(Record set Opens)

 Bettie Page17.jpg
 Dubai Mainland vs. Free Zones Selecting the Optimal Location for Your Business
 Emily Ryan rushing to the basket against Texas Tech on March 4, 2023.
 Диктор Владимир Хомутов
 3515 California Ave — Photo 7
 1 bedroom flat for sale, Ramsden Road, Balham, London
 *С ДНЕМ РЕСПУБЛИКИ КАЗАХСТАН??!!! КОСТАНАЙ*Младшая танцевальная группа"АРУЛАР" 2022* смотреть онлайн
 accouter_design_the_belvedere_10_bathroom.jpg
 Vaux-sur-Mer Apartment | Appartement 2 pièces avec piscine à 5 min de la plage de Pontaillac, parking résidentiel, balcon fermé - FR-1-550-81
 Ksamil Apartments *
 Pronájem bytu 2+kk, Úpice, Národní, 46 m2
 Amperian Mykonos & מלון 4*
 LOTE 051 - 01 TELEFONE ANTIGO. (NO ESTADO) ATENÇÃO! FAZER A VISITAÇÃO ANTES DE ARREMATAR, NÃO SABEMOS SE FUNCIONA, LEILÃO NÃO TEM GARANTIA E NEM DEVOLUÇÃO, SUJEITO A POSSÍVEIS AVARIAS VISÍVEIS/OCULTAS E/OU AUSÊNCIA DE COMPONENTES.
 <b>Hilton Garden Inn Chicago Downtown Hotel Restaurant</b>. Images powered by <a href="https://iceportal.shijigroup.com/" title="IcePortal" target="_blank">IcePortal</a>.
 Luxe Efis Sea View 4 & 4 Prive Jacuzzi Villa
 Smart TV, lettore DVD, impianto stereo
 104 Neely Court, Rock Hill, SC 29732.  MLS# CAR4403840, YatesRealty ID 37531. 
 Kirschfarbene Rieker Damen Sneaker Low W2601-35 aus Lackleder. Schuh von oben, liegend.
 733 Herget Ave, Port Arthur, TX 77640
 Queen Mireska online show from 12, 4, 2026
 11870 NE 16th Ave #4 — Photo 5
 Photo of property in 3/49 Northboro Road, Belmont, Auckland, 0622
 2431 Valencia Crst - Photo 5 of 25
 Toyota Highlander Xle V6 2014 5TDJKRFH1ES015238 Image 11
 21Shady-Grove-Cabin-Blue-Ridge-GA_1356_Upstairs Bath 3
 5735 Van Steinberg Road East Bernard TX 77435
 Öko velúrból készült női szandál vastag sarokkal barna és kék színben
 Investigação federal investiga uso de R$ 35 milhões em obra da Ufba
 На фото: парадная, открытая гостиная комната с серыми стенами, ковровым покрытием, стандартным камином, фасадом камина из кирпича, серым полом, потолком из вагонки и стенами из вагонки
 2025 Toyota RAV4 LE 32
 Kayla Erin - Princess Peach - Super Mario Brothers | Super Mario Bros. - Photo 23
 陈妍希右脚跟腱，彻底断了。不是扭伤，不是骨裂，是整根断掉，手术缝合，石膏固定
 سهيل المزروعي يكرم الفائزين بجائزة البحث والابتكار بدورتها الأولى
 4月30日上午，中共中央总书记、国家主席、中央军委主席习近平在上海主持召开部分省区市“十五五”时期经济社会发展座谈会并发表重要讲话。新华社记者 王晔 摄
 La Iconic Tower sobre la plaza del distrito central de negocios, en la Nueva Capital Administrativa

(Record set Closes)

What is needed: The lines to extract from the data above begin with the line containing "Диктор Владимир Хомутов" and end with the line containing "accouter_design_the_belvedere_10_bathroom.jpg". Extract them exactly, including both.

Exercise solution:
 Диктор Владимир Хомутов
 3515 California Ave — Photo 7
 1 bedroom flat for sale, Ramsden Road, Balham, London
 *С ДНЕМ РЕСПУБЛИКИ КАЗАХСТАН??!!! КОСТАНАЙ*Младшая танцевальная группа"АРУЛАР" 2022* смотреть онлайн
 accouter_design_the_belvedere_10_bathroom.jpg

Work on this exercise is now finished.